Wer sich mit Paulus’ Empfehlung zur innerkirchlichen Streitschlichtung als Basis der damaligen Bischofsrichtertätigkeit zufriedengibt, muss sich allerdings die Frage gefallen lassen, ob die kaiserlichen Edikte zur Streitentscheidung durch den Bischof nicht doch darüber hinausgehen – mit der Folge, dass die Kaiser den Bischöfen womöglich doch eine echte Rechtsprechung eingeräumt hätten.
Allerdings ist die Unterscheidung zwischen Streitschlichtung und Streitentscheidung ein modernes Phänomen. Es taucht erst auf, wenn die Rechtspflege nicht nur das autoritär gefällte Urteil des Gerichts, sondern daneben auch eine Beilegung des Streits durch die Beteiligten unter Mitwirkung des Richters ohne Urteil kennt. Die materielle Abgrenzung zwischen beiden Phänomenen ist insbesondere dann aber sehr schwierig, wenn der Richter eine große Autorität besitzt: Die machtvoll vorgetragene Anregung einer Einigung braucht dem Machtwort des Richters in Urteilsform nicht nachzustehen. Also pochen wir bitte nicht so sehr auf die Unterscheidung zwischen Streitschlichtung und Streitentscheidung.
4. Maßstab der Beurteilung von Rechtsverhältnissen
Liest man dazu Kapitel 19 bei Possidius, könnte man meinen, Augustinus habe die ihm unterbreiteten Fälle nach der Bibel und der Wahrheit des göttlichen Gesetzes entschieden – was durchaus dazu passt, dass Possidius die paulinische Empfehlung zur Streitschlichtung anführt, die einschlägigen kaiserlichen Edikte aber schlichtweg unterschlägt. Dieser Eindruck ist indes unzutreffend: Augustinus trug in den sog. Divjak-Briefen an juristisch versierte Adressaten besonders schwierige Rechtsfälle vor, um so zu einer richtigen Bewertung gerade nach Römischem Recht zu kommen.

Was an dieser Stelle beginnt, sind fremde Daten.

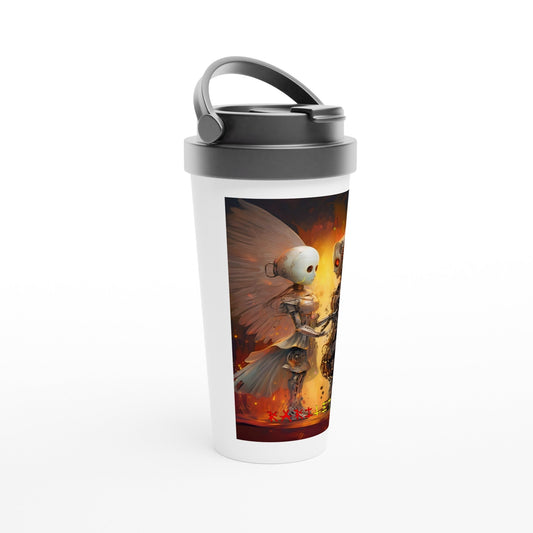 ROBOTS ANGELS Travel Mug - Rarileto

Für ihn als Römer war die Frage, nach welchem Recht Verhältnisse zu beurteilen waren, völlig unproblematisch: Natürlich war die römische Rechtsordnung für die rechtliche Beurteilung von Sachverhalten entscheidend: Wer ist Eigentümer? Was darf ein Grundstückseigentümer gegenüber dem Nachbarn etwa bei Überhang, Überbau tun? Wie überträgt man Eigentum an beweglichen Sachen, an Grundstücken? Wozu ist ein Gläubiger berechtigt, um an „sein“ Geld zu kommen, wenn Gefahr im Verzuge ist? Wer ist gesetzlicher Erbe eines Verstorbenen? Wie kann man jemand zum Erben bestimmen? Wann wird ein Darlehen (vorzeitig oder regulär) zur Rückzahlung fällig? Wann darf man eine Schenkung wegen groben Undanks oder eigener Verarmung widerrufen? All dies und vieles mehr konnte sich einfach nur nach römischem Recht richten. Das Leben spielte sich halt im römischen Rechts- und Kulturkreis ab.
5. Kollisionen zwischen römischem Recht und christlicher Lehre
Interessant wurde das Ganze natürlich, wenn römische Normen mit dem christlichen Verständnis nicht mehr übereinstimmten. Diese Inkongruenz konnte von unterschiedlichem Gewicht sein: angefangen von bloßen Zweifeln mit geringen Folgen bis hin zu krassen Widersprüchen mit großen Folgen. Beispiele dafür lassen sich bei einigem Nachdenken genügend finden – nicht nur im Familienrecht (Stichwort: „pater familias“), sondern auch im Umgang mit Sklaven und Freigelassenen – während im Schuld- und Sachenrecht die Kollisionen zumindest seltener waren.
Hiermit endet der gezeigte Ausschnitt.